> _Task instructions_
Beginning with the first line, please return the entries exactly through the line that contains "Großzügiges Wohnzimmer im", and leave out all later lines.

Saved data entries:
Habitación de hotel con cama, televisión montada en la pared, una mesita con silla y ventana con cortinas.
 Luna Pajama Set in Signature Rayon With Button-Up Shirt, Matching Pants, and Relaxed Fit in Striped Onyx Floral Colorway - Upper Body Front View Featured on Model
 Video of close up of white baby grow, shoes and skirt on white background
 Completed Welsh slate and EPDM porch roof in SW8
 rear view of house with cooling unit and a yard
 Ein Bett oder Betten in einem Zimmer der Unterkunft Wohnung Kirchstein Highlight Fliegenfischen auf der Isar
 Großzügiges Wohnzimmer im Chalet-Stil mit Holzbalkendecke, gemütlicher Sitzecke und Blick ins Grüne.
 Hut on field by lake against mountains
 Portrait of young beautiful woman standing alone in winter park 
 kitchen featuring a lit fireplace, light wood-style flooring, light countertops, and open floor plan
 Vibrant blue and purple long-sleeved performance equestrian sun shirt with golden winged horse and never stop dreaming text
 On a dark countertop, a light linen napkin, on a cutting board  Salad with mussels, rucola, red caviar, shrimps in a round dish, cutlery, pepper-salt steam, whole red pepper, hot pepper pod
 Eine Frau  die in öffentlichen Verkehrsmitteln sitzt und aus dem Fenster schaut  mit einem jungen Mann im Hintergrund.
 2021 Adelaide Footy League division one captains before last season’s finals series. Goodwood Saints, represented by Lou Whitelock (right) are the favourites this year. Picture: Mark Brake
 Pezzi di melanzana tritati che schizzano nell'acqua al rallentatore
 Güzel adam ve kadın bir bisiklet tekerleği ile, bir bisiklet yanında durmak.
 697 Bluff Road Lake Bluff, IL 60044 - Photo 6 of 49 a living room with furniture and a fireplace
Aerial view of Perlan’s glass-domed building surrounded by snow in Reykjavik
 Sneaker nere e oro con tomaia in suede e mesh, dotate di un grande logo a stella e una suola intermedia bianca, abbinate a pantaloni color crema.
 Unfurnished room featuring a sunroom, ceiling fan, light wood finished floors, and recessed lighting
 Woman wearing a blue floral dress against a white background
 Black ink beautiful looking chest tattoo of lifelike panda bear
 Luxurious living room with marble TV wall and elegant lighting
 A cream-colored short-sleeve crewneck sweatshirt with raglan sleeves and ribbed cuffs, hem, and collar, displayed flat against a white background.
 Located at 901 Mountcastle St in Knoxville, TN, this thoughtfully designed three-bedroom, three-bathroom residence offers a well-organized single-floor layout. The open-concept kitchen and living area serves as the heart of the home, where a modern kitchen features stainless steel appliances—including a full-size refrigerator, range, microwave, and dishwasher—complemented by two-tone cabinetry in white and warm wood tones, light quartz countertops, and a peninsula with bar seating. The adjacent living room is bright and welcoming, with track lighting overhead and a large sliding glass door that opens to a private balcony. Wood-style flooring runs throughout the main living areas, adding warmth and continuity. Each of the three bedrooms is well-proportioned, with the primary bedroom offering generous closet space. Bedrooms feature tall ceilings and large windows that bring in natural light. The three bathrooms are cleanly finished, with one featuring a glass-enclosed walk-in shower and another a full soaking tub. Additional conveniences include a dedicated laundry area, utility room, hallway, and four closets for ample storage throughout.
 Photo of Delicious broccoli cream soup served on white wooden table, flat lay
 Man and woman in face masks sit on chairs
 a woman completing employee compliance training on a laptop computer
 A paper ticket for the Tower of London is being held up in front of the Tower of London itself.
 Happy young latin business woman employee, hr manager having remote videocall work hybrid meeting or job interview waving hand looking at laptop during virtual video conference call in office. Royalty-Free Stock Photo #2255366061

> _Solution_
Habitación de hotel con cama, televisión montada en la pared, una mesita con silla y ventana con cortinas.
 Luna Pajama Set in Signature Rayon With Button-Up Shirt, Matching Pants, and Relaxed Fit in Striped Onyx Floral Colorway - Upper Body Front View Featured on Model
 Video of close up of white baby grow, shoes and skirt on white background
 Completed Welsh slate and EPDM porch roof in SW8
 rear view of house with cooling unit and a yard
 Ein Bett oder Betten in einem Zimmer der Unterkunft Wohnung Kirchstein Highlight Fliegenfischen auf der Isar
 Großzügiges Wohnzimmer im Chalet-Stil mit Holzbalkendecke, gemütlicher Sitzecke und Blick ins Grüne.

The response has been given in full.